Ce choix peut être lu comme une stratégie de lancement, mais pas uniquement. Tiakola travaille depuis longtemps des mélodies et des rythmiques qui dialoguent avec la rumba congolaise. L’étape africaine permet de replacer ces influences dans des territoires et des histoires concrètes, au lieu de les réduire à une couleur de production exportable.

Huit pays, huit expériences de public

Casablanca, Kinshasa, Abidjan, Libreville, Yaoundé, Cotonou, Dakar et Praia ne forment pas un public homogène. Les scènes, les infrastructures, les habitudes de concert et les attentes ne sont pas les mêmes. Une tournée courte peut donc devenir un exercice d’adaptation : construire un spectacle qui conserve les refrains connus tout en laissant une place aux répertoires locaux et aux invités éventuels.
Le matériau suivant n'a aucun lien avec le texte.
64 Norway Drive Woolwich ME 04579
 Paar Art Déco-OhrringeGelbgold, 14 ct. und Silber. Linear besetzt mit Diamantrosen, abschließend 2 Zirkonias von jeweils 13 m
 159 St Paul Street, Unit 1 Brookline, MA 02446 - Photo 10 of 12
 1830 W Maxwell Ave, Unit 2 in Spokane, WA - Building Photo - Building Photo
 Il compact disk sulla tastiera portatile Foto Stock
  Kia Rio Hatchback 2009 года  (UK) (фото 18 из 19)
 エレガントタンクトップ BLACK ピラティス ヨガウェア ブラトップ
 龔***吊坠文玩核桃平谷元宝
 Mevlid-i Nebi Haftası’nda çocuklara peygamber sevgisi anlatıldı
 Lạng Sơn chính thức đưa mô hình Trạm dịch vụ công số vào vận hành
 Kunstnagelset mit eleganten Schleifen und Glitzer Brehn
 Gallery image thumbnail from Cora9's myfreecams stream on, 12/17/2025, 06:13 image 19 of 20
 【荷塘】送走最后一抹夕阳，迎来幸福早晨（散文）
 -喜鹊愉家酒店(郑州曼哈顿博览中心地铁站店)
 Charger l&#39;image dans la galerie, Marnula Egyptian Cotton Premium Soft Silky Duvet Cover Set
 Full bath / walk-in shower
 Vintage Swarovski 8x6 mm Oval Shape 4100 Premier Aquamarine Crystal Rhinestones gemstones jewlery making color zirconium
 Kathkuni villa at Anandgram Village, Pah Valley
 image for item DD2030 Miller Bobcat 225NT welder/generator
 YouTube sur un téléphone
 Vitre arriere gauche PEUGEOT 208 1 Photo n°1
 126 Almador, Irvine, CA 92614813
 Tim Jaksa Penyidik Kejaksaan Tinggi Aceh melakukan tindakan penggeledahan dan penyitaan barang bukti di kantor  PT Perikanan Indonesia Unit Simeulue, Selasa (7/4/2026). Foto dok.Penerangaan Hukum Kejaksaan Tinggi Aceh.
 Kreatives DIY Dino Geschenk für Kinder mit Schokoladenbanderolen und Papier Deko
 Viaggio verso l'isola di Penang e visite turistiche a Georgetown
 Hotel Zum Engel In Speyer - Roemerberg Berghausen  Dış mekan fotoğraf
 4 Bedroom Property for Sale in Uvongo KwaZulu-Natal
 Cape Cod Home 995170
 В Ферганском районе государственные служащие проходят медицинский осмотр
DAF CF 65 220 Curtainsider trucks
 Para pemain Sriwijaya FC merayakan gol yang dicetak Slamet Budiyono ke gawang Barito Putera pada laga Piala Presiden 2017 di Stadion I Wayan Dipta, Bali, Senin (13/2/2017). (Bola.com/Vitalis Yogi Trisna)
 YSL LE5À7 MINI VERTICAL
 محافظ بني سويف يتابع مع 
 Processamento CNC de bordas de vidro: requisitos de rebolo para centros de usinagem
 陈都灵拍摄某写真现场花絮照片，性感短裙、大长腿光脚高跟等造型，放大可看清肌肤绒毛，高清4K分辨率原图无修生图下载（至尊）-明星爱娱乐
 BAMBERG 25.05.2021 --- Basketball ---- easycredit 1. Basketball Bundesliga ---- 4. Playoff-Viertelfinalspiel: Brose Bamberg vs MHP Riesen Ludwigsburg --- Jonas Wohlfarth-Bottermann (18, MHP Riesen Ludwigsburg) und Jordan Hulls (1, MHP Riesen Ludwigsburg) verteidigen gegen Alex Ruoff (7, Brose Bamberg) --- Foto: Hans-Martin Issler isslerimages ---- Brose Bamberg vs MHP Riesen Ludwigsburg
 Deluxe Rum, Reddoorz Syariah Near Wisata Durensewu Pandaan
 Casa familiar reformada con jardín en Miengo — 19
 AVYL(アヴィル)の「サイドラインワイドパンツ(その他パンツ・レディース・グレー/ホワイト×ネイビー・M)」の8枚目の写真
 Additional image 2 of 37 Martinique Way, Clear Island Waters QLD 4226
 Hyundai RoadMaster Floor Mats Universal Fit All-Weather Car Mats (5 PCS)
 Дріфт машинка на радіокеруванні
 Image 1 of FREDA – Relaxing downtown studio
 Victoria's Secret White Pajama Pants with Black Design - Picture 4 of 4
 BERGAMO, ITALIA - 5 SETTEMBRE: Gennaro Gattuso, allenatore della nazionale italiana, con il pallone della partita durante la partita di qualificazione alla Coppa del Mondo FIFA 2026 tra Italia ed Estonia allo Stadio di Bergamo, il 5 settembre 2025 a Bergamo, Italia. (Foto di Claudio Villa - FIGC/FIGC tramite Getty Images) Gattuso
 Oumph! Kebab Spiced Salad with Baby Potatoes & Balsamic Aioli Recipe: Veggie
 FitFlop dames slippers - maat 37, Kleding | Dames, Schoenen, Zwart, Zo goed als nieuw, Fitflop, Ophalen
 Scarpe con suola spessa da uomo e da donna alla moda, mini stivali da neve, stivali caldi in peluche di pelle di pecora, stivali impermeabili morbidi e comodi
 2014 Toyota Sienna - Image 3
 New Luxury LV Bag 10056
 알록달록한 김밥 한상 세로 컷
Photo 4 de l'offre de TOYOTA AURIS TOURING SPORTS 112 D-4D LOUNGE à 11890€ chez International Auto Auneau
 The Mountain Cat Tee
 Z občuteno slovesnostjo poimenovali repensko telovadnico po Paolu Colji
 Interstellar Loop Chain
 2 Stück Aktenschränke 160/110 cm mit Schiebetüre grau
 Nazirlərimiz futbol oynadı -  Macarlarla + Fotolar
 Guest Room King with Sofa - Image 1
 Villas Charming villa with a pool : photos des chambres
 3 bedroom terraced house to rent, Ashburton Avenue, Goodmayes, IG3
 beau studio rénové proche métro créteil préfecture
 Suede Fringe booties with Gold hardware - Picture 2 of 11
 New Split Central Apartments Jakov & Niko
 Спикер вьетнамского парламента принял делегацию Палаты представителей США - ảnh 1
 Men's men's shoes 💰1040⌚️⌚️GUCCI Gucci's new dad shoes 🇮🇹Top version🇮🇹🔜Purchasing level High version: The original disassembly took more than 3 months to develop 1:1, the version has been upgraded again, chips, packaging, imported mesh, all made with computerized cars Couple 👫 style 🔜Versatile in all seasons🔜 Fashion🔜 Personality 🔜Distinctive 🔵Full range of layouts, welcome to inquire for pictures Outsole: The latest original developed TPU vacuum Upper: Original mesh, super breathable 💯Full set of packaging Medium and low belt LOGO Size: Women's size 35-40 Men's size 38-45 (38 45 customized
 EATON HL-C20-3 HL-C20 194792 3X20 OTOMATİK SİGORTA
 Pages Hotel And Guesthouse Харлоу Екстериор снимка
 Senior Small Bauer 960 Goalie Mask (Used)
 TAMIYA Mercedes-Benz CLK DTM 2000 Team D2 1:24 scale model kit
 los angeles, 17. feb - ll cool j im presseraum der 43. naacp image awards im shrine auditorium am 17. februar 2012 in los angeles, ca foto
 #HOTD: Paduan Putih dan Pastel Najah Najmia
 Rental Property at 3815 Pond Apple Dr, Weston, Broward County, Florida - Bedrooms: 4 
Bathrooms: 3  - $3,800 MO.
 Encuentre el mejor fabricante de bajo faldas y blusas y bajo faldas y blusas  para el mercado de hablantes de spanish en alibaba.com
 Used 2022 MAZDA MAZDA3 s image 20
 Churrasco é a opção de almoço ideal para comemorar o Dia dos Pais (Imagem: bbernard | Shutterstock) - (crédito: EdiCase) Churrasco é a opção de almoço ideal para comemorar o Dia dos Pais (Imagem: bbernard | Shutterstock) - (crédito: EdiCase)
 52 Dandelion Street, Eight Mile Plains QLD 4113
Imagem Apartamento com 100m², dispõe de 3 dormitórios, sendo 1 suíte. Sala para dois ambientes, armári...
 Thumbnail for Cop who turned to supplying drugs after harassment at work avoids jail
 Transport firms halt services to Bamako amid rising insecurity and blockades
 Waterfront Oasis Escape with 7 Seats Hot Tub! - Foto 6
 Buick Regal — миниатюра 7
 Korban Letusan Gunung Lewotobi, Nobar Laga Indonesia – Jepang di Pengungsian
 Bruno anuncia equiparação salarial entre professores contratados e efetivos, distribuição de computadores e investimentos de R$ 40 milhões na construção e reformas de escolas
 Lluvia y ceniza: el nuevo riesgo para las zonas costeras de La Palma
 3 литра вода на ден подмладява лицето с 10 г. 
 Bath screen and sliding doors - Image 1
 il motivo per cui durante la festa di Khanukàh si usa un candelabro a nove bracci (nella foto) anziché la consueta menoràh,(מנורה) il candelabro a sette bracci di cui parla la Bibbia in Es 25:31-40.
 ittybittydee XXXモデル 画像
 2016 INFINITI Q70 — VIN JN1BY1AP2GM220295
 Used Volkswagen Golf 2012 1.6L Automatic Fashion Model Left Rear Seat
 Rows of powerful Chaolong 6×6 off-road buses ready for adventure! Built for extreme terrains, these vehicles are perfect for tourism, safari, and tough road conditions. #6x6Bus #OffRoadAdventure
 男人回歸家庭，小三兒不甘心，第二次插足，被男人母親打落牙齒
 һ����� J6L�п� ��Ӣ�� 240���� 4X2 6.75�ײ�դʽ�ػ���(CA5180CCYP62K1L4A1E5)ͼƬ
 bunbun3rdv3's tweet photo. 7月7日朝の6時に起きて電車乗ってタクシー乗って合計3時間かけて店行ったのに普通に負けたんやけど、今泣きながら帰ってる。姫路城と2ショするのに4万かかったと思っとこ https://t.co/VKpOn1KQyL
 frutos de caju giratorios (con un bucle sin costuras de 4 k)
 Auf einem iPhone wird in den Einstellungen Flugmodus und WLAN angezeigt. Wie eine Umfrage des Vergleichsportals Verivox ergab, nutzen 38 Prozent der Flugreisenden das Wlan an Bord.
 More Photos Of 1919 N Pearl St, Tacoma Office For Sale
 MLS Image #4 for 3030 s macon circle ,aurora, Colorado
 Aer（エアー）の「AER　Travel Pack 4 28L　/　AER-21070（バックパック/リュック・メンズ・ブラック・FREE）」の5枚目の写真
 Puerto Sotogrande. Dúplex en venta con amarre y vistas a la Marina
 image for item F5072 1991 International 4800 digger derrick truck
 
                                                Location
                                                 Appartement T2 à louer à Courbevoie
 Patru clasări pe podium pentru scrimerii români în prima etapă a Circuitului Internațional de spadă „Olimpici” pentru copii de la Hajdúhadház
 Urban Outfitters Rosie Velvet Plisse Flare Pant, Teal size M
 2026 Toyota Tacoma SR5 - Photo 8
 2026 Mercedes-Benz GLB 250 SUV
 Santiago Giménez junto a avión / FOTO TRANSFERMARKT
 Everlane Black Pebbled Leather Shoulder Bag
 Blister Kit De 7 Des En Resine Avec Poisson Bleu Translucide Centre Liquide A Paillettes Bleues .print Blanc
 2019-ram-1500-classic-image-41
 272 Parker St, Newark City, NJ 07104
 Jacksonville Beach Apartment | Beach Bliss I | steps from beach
La circulation fonctionne aussi dans l’autre sens. Un artiste français issu de la diaspora ne vient pas simplement « conquérir » un continent ; il retrouve des publics qui suivent déjà ses morceaux et peuvent influencer la suite de son catalogue. Les images de concerts, les collaborations et les retours locaux pourront compter autant que les chiffres de billetterie.

Une promesse à documenter

Il est trop tôt pour annoncer un succès historique ou mesurer l’impact de la tournée. Le fait important est ailleurs : Tiakola inscrit la sortie d’un album dans un itinéraire qui relie la France et plusieurs capitales africaines. Entre l’annonce officielle, les dates qui restent à préciser et l’écoute de WpointM, l’Africa Tour ouvre un chapitre ambitieux. La suite devra être jugée sur la qualité du spectacle et sur la place réellement accordée à chaque public.